WHAT IS BEING ASKED =>
Find and return every line of the data that contains the word "Small".

MATERIAL PROVIDED =>
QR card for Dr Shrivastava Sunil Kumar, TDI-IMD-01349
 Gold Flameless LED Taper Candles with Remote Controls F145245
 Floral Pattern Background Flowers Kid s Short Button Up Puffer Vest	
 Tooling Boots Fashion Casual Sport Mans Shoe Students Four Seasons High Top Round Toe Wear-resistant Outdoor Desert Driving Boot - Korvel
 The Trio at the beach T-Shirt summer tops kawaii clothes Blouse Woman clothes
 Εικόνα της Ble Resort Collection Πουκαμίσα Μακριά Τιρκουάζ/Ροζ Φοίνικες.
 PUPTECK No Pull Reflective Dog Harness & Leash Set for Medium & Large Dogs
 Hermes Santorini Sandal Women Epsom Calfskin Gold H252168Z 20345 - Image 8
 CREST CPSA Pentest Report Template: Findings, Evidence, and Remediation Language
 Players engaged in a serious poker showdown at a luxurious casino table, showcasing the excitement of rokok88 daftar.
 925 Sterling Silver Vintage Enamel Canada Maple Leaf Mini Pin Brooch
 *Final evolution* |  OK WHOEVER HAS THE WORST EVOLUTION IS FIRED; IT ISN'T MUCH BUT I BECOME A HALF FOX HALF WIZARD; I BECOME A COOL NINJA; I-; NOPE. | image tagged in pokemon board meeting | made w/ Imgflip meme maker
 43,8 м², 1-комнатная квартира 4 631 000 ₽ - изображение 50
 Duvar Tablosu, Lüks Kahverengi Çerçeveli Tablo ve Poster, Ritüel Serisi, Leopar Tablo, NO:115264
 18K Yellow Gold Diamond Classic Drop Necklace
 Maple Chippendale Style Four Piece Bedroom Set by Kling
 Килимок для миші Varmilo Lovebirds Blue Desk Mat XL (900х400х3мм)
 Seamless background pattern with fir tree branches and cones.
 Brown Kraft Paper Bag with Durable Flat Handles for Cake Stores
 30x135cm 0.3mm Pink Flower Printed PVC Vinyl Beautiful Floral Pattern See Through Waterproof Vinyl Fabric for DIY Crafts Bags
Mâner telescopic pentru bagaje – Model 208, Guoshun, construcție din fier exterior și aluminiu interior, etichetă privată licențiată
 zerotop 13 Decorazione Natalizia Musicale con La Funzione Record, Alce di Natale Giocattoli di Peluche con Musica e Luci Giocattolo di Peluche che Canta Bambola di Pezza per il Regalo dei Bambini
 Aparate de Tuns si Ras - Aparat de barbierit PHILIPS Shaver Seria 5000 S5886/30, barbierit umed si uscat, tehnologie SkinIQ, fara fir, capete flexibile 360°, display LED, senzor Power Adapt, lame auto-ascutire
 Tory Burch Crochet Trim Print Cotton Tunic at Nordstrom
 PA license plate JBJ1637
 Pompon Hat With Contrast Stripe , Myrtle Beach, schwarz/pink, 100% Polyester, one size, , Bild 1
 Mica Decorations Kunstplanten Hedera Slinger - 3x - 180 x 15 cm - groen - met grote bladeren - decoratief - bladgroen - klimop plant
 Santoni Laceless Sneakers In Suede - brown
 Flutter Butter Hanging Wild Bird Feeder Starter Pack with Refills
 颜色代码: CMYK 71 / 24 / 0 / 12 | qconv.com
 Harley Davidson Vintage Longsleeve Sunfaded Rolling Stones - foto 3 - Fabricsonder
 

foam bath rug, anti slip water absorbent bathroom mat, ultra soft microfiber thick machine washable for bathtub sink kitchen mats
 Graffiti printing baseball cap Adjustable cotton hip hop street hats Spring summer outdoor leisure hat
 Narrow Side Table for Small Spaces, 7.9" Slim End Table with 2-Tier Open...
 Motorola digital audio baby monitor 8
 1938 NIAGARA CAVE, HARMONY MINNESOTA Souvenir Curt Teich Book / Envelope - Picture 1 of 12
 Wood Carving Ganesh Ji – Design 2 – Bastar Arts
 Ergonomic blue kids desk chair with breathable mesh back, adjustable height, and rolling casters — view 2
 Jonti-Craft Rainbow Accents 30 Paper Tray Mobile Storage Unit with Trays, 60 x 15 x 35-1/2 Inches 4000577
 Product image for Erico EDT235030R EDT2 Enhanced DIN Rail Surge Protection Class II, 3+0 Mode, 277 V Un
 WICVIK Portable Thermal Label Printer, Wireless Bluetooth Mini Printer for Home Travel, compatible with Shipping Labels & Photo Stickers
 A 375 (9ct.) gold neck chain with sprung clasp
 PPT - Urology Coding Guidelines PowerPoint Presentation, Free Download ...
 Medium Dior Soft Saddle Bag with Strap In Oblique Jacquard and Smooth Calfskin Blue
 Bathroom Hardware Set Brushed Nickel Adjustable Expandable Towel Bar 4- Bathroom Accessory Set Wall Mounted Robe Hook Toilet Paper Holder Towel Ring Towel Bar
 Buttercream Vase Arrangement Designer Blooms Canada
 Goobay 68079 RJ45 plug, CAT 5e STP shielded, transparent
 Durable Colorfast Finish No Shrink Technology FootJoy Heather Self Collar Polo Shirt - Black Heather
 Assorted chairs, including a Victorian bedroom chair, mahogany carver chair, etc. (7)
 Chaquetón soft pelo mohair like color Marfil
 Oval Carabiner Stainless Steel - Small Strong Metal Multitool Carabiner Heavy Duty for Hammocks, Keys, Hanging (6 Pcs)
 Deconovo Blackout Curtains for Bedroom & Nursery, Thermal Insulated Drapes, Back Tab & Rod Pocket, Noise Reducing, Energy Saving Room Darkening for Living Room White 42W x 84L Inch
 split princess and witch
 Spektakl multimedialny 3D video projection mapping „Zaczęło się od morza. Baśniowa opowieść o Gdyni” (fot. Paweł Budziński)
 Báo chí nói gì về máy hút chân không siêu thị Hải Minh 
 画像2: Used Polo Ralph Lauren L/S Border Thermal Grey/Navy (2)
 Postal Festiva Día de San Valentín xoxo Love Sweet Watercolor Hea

SOLUTION FOR THIS TASK =>
 Narrow Side Table for Small Spaces, 7.9" Slim End Table with 2-Tier Open...
 Oval Carabiner Stainless Steel - Small Strong Metal Multitool Carabiner Heavy Duty for Hammocks, Keys, Hanging (6 Pcs)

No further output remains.